Mustafa Karasu
PKK Yöneticisi



1950 yılında Sivas'ın Gürün ilçesinde doğdu. Türk kökenli. Avareş (Karasu) ve Hüseyin Ali kod adlarını kullandı. 12 Eylül 1980 Darbesinden sonra cezaevine girdi. 1992 yılında tahliye edildi. Yurtdışına kaçtı. PKK'nın merkez komitesine seçildi. Bir dönem örgütün propaganda kanadı olan Kürdistan Ulusal Kurtuluş Cephesi'nin (ERNK) Avrupa temsilciliğini yaptı. 2010 yılında Oslo'da dönemin Millî İstihbarat Teşkilatı Müsteşar Yardımcısı Afet Güneş ve Başbakanlık Müsteşar Yardımcısı Hakan Fidan ile birlikte örgüt adına görüşmelerde bulundu.




SÖYLEŞİ

Karasu: O görüşme heyetinde İngilizler de vardı
Akşam 24 Nisan 2013

PKK'nın liderlerinden Mustafa Karasu, PKK ile devletin ilk kez masaya oturduğu Oslo görüşmelerine ilişkin çok çarpıcı açıklamalar yaptı. Karasu görüşmelere kimlerin katıldığını, neler istendiğini, neden çözümsüz kaldığını açıkladı.

PKK'nın kurucu isimlerinden ve örgütün Kandil'deki liderlerinden Mustafa Karasu, çok tartışılan Oslo görüşmelerine ilişkin ilk kez konuştu. Örgüte yakın sitede yayınlanan röportaj şöyle:

Oslo görüşmeleri çok tartışıldı. Ne zaman, nerede başladı? Buna kim-kimler öncülük etti? Neden Oslo?
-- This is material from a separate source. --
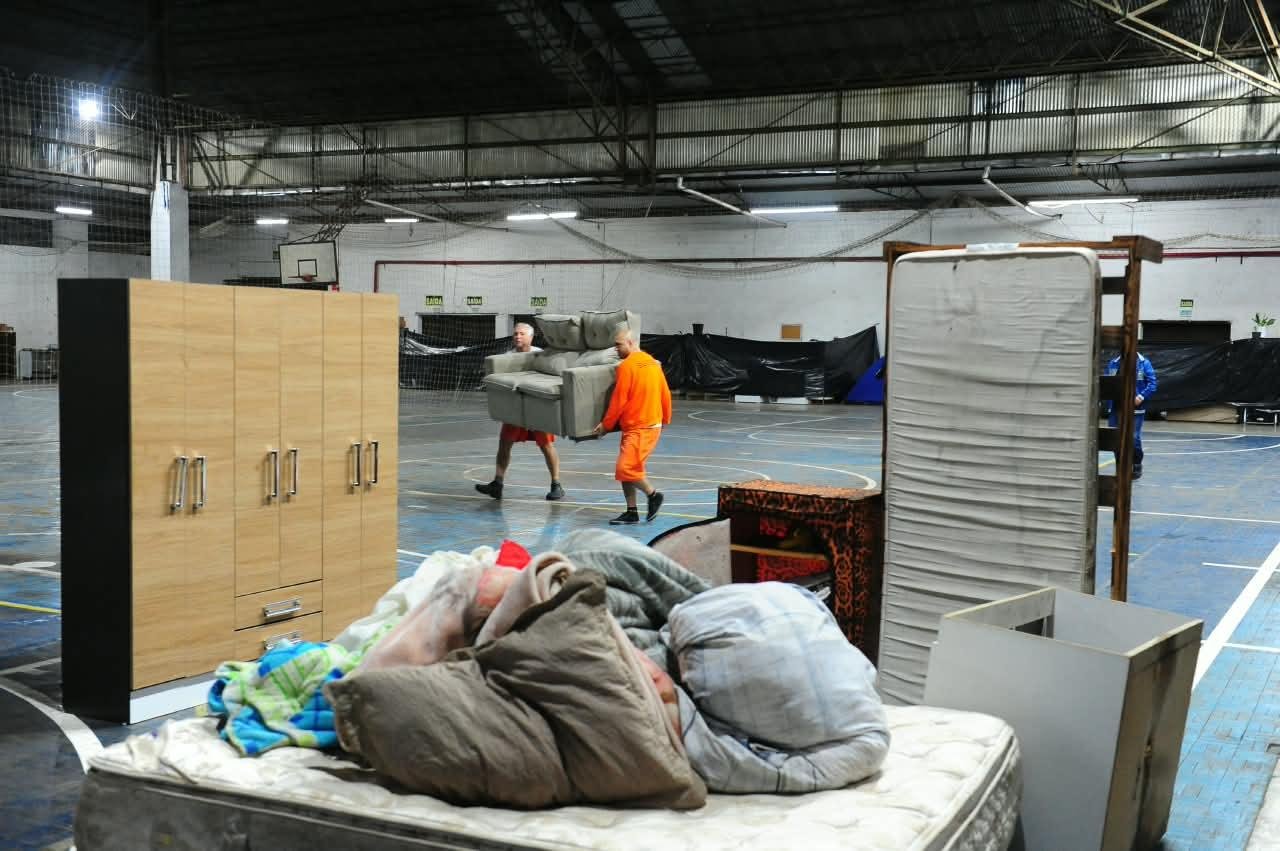 M&oacute;veis e pertences dos desalojados chegam ao pavilh&atilde;o 1 do abrigo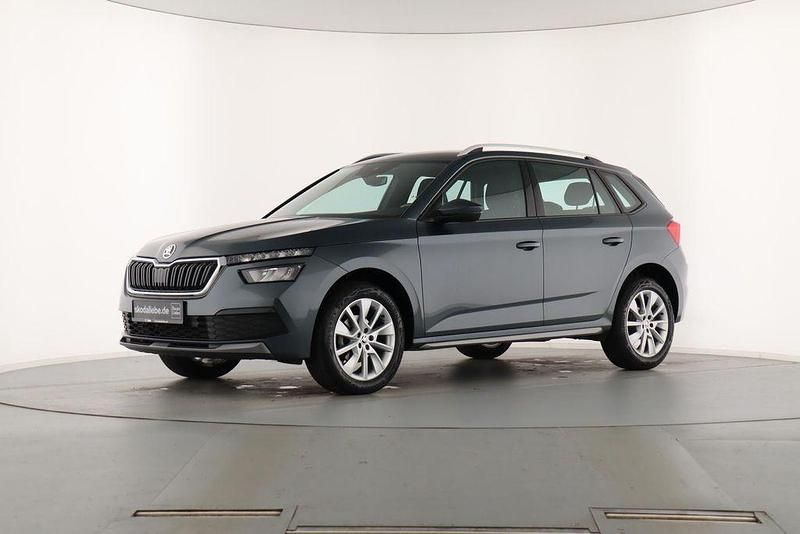 Grau Gebraucht 2021 Skoda Kamiq Style SUV | 18.889 € (Guter Preis) - Bild 1/4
Oslo görüşmeleri resmi olarak 2008 Eylül'ünde başladı. Ama önceden dolaylı görüşmeler var. Aracılık yapan, uluslararası bir kurumdur. Dolayısıyla bazı büyük devletlerle ilişkili olma olasılığı da vardır. Görüşmeler Oslo'da olduğu için Norveç devletinin de bilgisi dahilinde olduğunu söylemek gerekir. Türk devleti ve PKK arasındaki ilk görüşme Eylül 2008'de yapıldı. İkincisi ya da üçüncüsü Mart 2009'da yapıldı. Seçimlerden sonra Mayıs'ta da görüşmeler oldu. Daha sonra Temmuz'da görüşmeler oldu. 2009 yazındaki Oslo görüşmeleri, aynı zamanda Önder Apo’nun bir Yol Haritası hazırlayarak devlete sunduğu sürece tekabül ediyordu. O zaman MİT Müsteşar Yardımcısı ekibiyle geliyordu. Daha sonra 2009 Ağustos’unda, Yol Haritası'nın devlete verildiği süreçten sonra Hakan Fidan da görüşmelere katıldı. O zamanlar Başbakanlık Müsteşar Yardımcısı/Başbakan Temsilcisi olarak görüşmlere katılıyordu. Önder Apo, 22 Ağustos'ta Yol Haritası'nı sundu. Buna hiçbir cevap verilmediği gibi sonraki ilk Oslo görüşmelerinde Yol Haritası'nın verilmeyeceğini söylediler.

HABUR OLAYI

Barış grupları bu süreçte Hareketin görüşlerini kamuoyuna aktaracaktı. Hatta Meclis'e bile gidip hareketin düşüncelerini aktarabilecekleri söylenmişti. Öyle bir şey planlanmıştı. Ama Habur'da milyonlar ovalardan kasabalardan yollara dökülüp barış gruplarını karşılayınca, aynı 29 Mart seçimlerinden sonraki tepkiyi gösterdiler.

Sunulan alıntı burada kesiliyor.